However, in a diesel engine, generally the amount of intake air is not adjusted.
Therefore, in a conventional diesel engine, the air-fuel ratio is not strictly controlled as in a gasoline engine.
With open loop control, however, it was impossible to prevent error in the actual fuel injection amount compared with the target fuel injection amount and was difficult to accurately control the combustion state to the targeted state.
Further, in a common rail type high pressure fuel injection system designed to be employed in recent diesel engines for improving the combustion state, since the fuel injection period is short and the fuel injection pressure changes during the injection, there is the problem of a susceptibility to error in the fuel injection amount.
Therefore, in a common rail type high pressure fuel injection system, measures have been adopted such as setting the tolerance of the fuel injectors small so as to improve the fuel injection accuracy, but in practice fuel injectors change in fuel injection characteristics along with the period of use due to wear of the parts etc., so with open loop control, it is difficult to make the fuel injection parameters constantly accurately match with the target values.
In this way, in a diesel engine, error is liable to occur in the fuel injection amount etc., so even if setting target values giving the optimal combustion state, in practice sometimes making the fuel injection amount match with the target value is difficult.
However, EGR gas has a large effect on combustion.
In particular, in a diesel engine, the amount of EGR gas has a large effect on the ignition delay time from the start of fuel injection to when the injected fuel starts to burn.
Therefore, if EGR gas is excessively supplied to the combustion chamber, the engine combustion state will deteriorate and a drop in the engine performance and deterioration of the exhaust gas properties will occur.
On the other hand, if the amount of EGR gas is small, the effect of suppression of the harmful emissions will fall.
However, conventionally the amount of EGR gas has not been controlled precisely.
If precisely controlling the EGR in this way, a sufficient accuracy cannot be obtained with open loop control based on the engine speed and accelerator opening degree like in the past.

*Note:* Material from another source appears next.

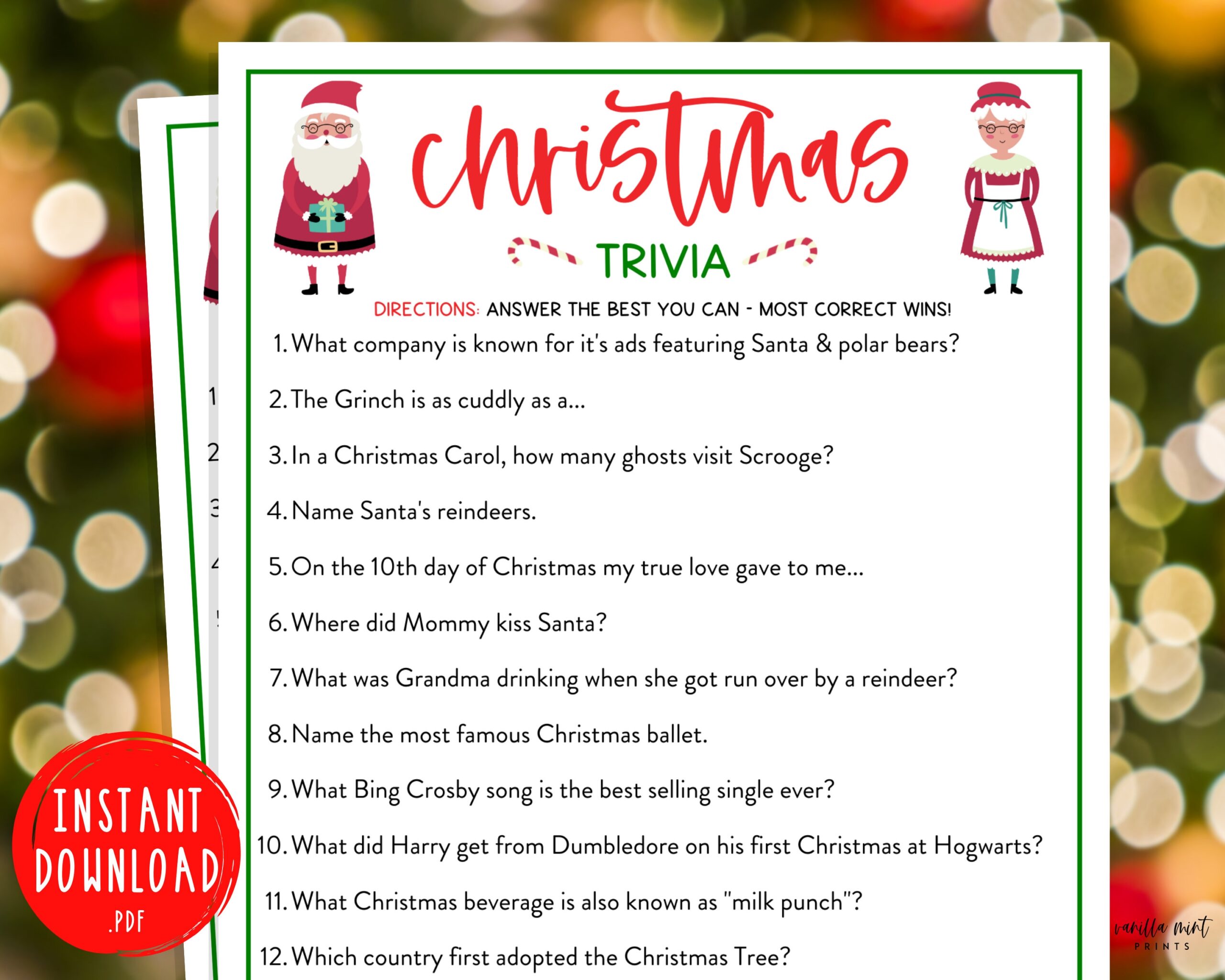 Free Printable Christmas Trivia Games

Further, for example, it is possible to arrange an air-fuel ratio sensor in the engine exhaust passage and to control the amount of EGR gas based on the exhaust air-fuel ratio detected by the air-fuel ratio sensor, but with an engine like a diesel engine which is operated in a state where the exhaust air-fuel ratio is extremely lean, the detection accuracy of the air-fuel ratio sensor falls, so there is the problem that if controlling the amount of EGR gas based on the exhaust air-fuel ratio detected by the air-fuel ratio sensor, the error becomes large.
For this reason, since the change in pressure in a combustion chamber greatly differs depending on the injection mode or combustion mode as well, feedback control of the combustion state by just the peak positions or pattern of the heat release rate is not necessarily suitable.

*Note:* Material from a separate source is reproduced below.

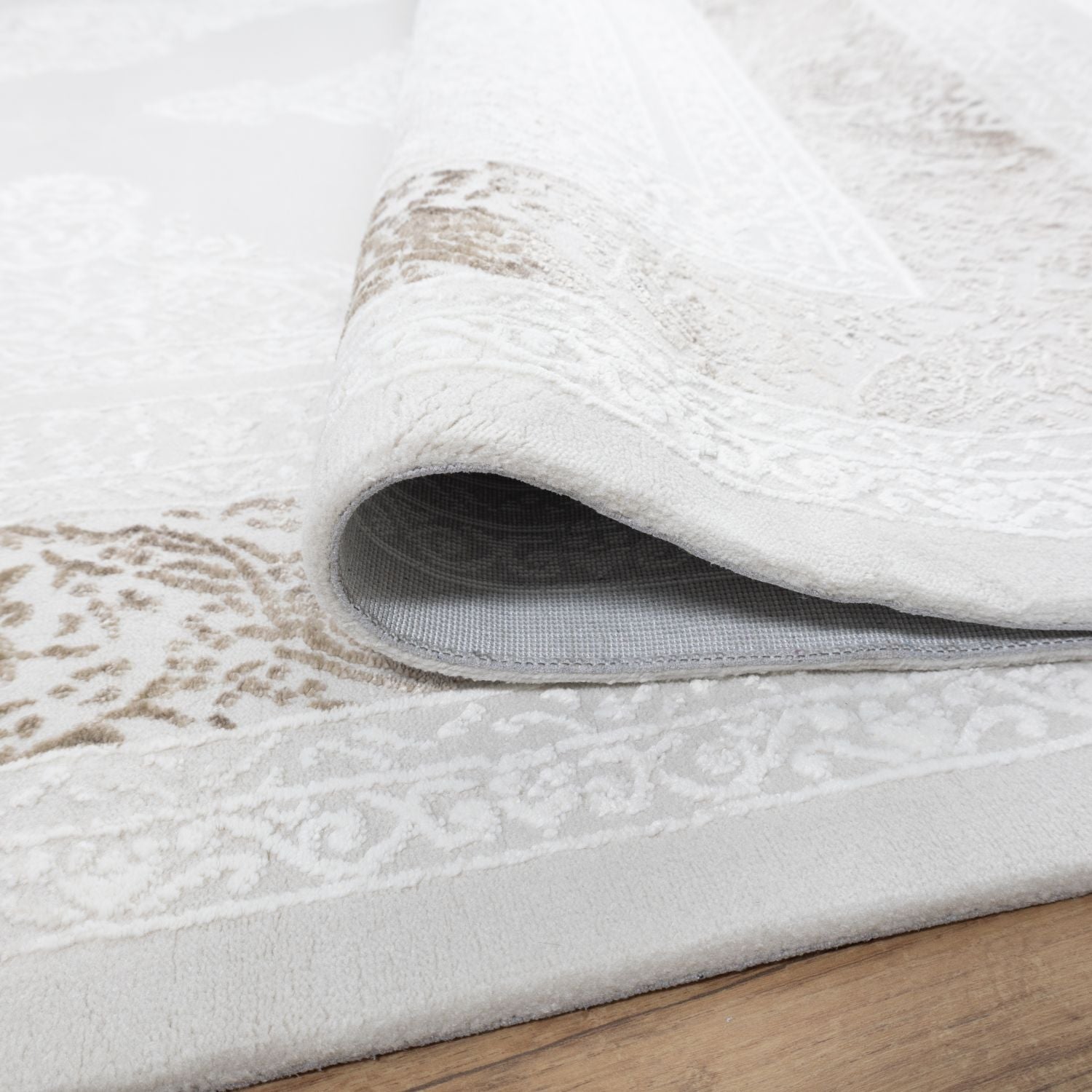 Crème Tapijt Laagpolig Vloerkleed Omid Soft Lux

For example, in an in-cylinder fuel injector of a diesel engine, the injection amount, injection timing, and other fuel injection characteristics gradually change along with the period of use resulting in deviation in fuel injection characteristics, but such deviation in fuel injection characteristics is difficult to accurately correct based on the peak positions or pattern of the heat release rate.
Further, when performing pilot injection or main fuel injection or after injection or other multi-fuel injection, optimization of the combustion state requires optimal control of the fuel injection amount and injection timing of the fuel of each, but feedback control of the fuel injection characteristics of a plurality of fuel injections is difficult based on only the peak positions or pattern of the heat release rate.

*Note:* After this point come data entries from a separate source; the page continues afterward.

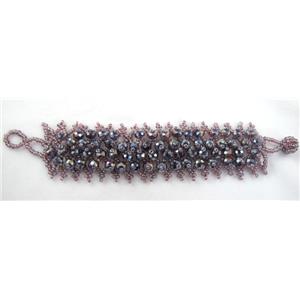 Chinese Crystal glass Bracelet, seed glass bead, approx 35mm wide, 7.5 inch(19cm) length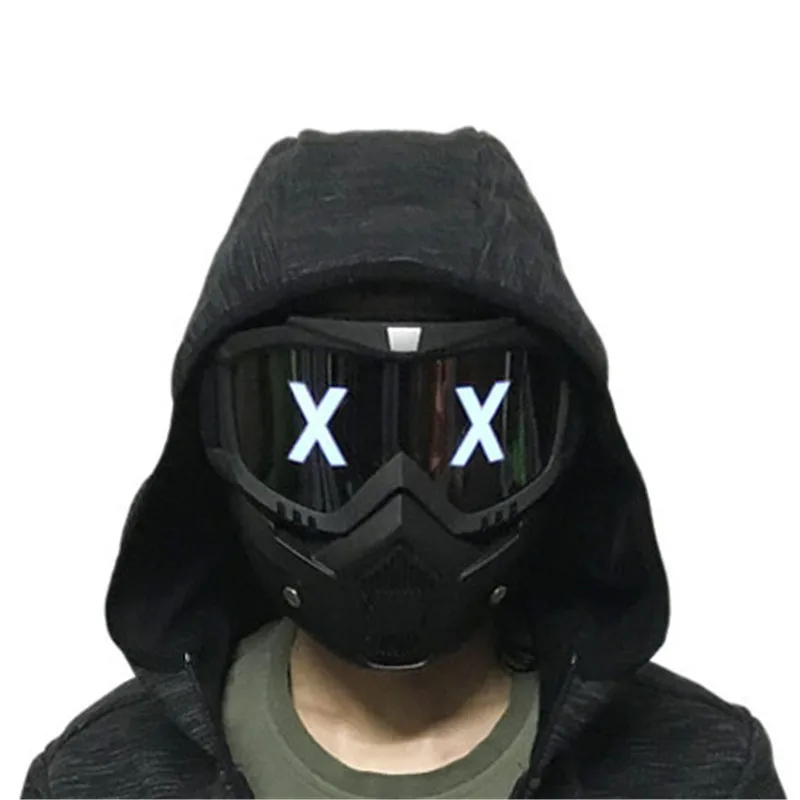 Máscaras de expresión de Marcus Wrench X del juego del Hacker, media cara, ojos X, gafas DIY, máscara extraíble, fiesta de Halloween, utilería de Cosplay, regalo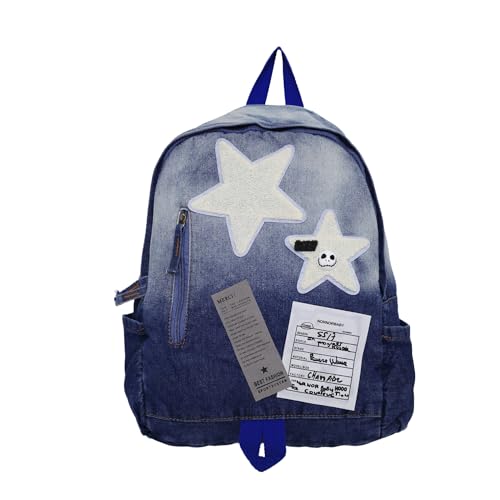 Vintage Y2K Backpack, Heavyweight Denim Grunge Bookbag for women men, Aesthetic Daypack for Travel Concerts (Blue)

As explained above, since the system of Japanese unexamined Patent Publication (Kokai) No. 2001-123871 feedback controls the pilot injection amount based on the actually measured combustion noise, it can keep the combustion noise below a target level at all times. However, while the system of Japanese Unexamined Patent Publication (Kokai) No. 2001-123871 keeps the combustion noise below a target value, it does not necessarily always obtain a good combustion state.
Conversely, sometimes it deteriorates the exhaust properties.
That is, to obtain good exhaust properties, it is necessary to suitably control not only the injection amount of the pilot injection, but also the injection timing, but the system of Japanese Unexamined Patent Publication (Kokai) No. 2001-123871 controls only the injection amount of the pilot injection based on the combustion noise and does not control the injection timing based on the actual combustion state.
Therefore, the system of Japanese Unexamined Patent Publication (Kokai) No. 2001-123871 has the problem that while the combustion noise falls, the exhaust properties are not always improved.
Further, the system of Japanese Unexamined Patent Publication (Kokai) No. 2001-123871 deals only with pilot injection and even more so only operation with just one pilot injection, so has the problem that it cannot suitably control the injection amounts and injection timings of the different fuel injections in multi-fuel injection consisting of a plurality of pilot injections or after injection performed after main fuel injection.